RECORDED DATA —
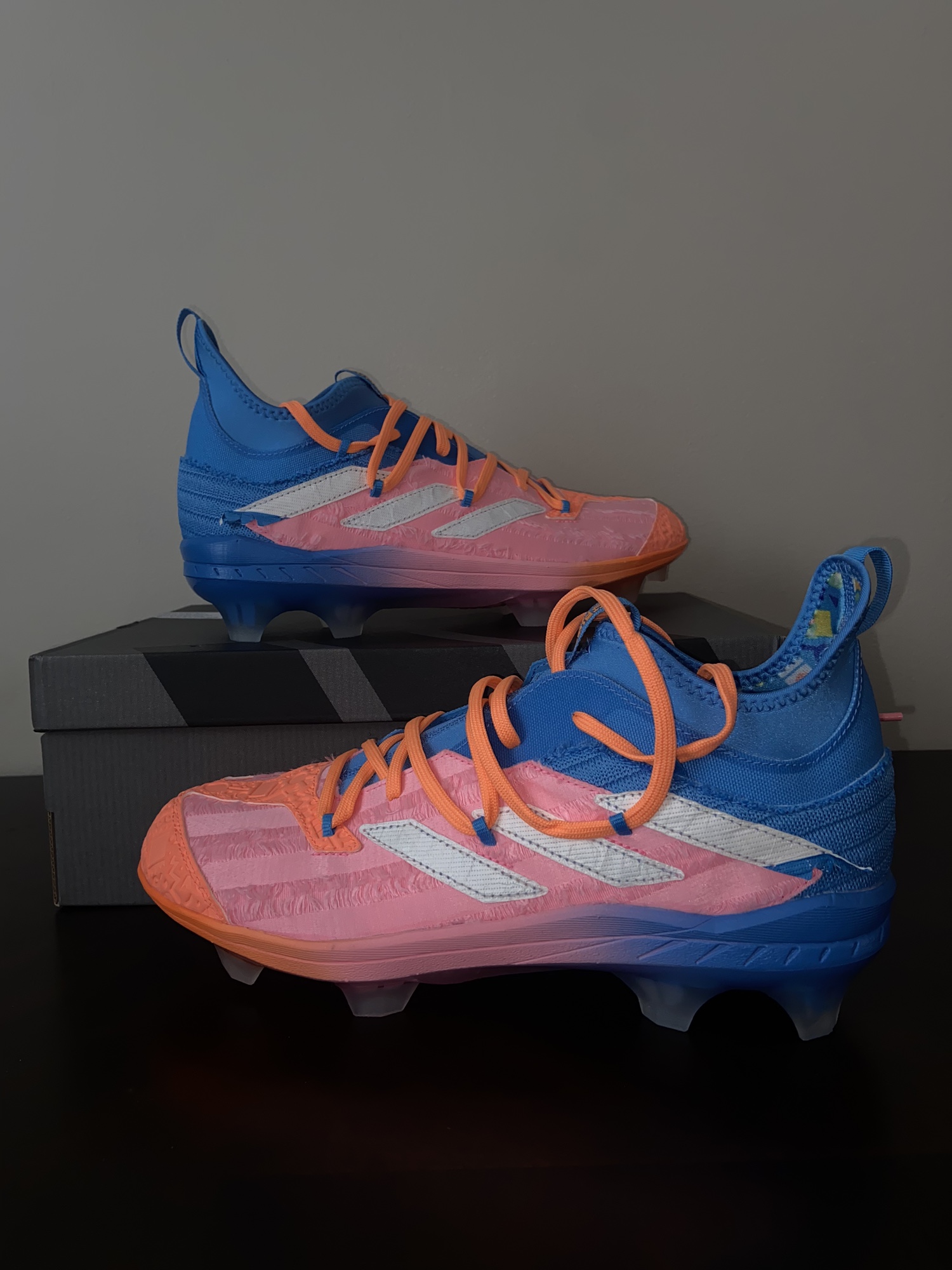 molded adidas baseball cleats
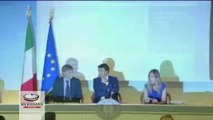 Matteo Renzi interroga Maria Elena Boschi sulle riforme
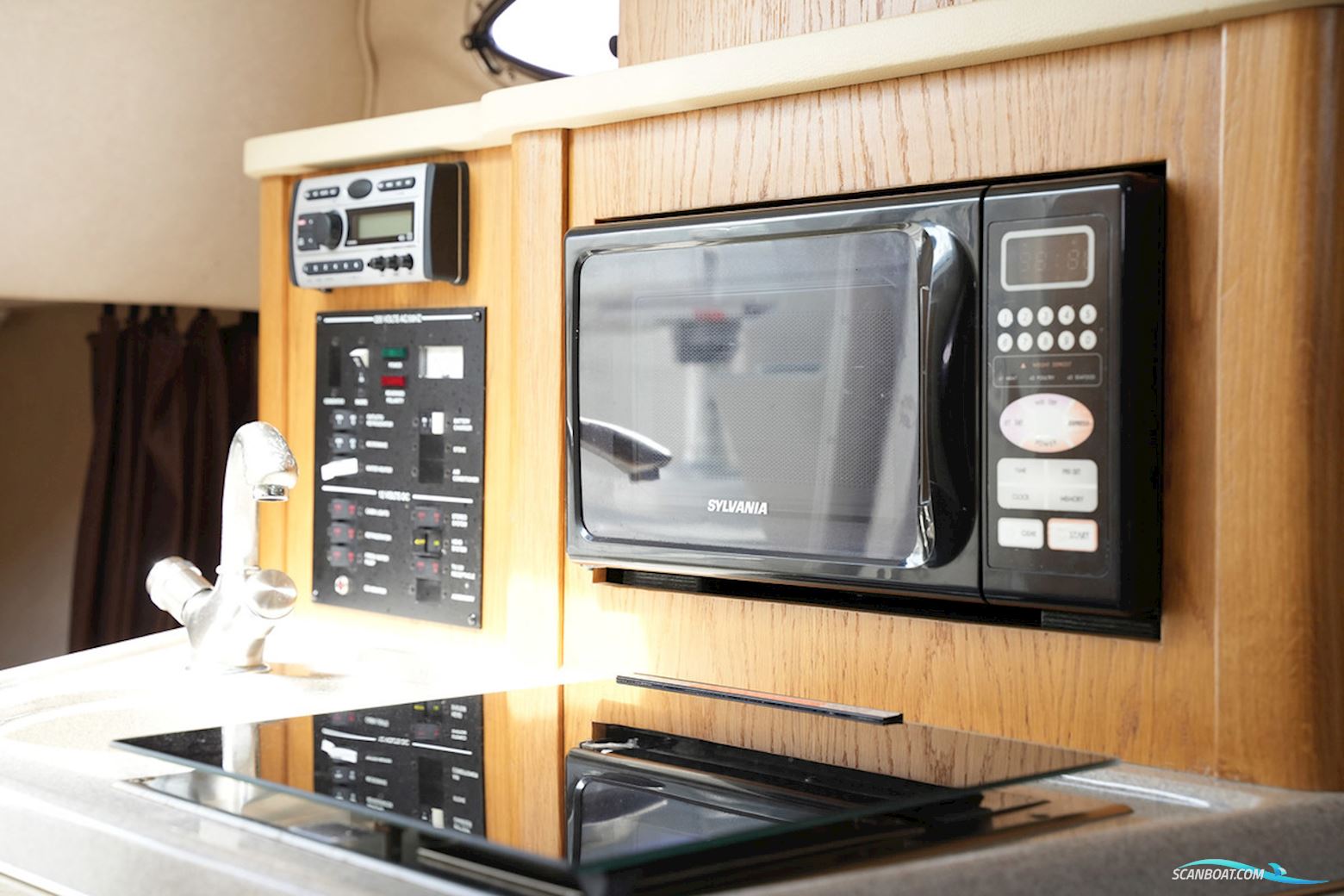 Sea Ray 255 Sundancer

DIRECTIONS — Please copy out the whole listing exactly as it stands, minus the pictures.

SOLVED PROBLEM —
 molded adidas baseball cleats
 Matteo Renzi interroga Maria Elena Boschi sulle riforme
 Sea Ray 255 Sundancer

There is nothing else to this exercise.